The other night, I sent my boys to bed at seven pm.
After a rough night with them I just needed them....to go to bed.
When I went to bed, I covered my head with my pillow and prayed for a better tomorrow.
It was only eight pm.
How do I go from waiting excitedly for them to get home from school to being exhausted and frazzled so quickly?
They had come home on a bright sun shiny day. Beautiful weather. The house was spotlessly clean.
I had waited for them to get here so we could make cookies. The three youngest helped me mix them up and were super happy to eat some dough and fill the cookie sheets.
S1 was out checking his trap line and couldn't wait to get in to get a warm cookie from the oven.
An idyllic wonderful day. A blog post was forming already in my head....
But instead of playing, they were already squealing. "Stop!"
"I'm gonna tell!"
It went down hill fast.
By the time dinner was on the table, I was fried. I had helped with three boys homework, read two books to the youngest son, walked into the living room to find I couldn't even see the floor anymore so I just walked out, the dishwasher chose that night to break - completely - and my husband claimed I was in a "grouchy mood."
And I was.
I had just turned into mean mom and hollered to "clean up the living room.!"
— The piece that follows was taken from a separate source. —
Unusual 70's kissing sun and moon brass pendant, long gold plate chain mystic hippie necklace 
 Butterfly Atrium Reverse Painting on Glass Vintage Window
"Just don't speak to your brother!"
"I TOLD YOU to SET THE TABLE!"
And so they were sent to bed at seven.
I knew S1 still would be up doing homework but I didn't stay up with him. I didn't care when I heard S3 and S4 running across the upstairs floor or coming down for the fifth drink of water and sixth pee.
I just covered my head with my pillow and pretended to sleep. I prayed tomorrow would be better.
I love my life to pieces, you all know this.
But there are times when my stress level, on a scale of 1 to 10, is high. The last couple of weeks it's at about a nine. And while I still find lots of reasons to find the silliness in the mundane...I thought I would just throw this out there to you all.
I'm just being honest.
Sometimes, being a wife and mom is tough.
Anyone else out there know what I mean?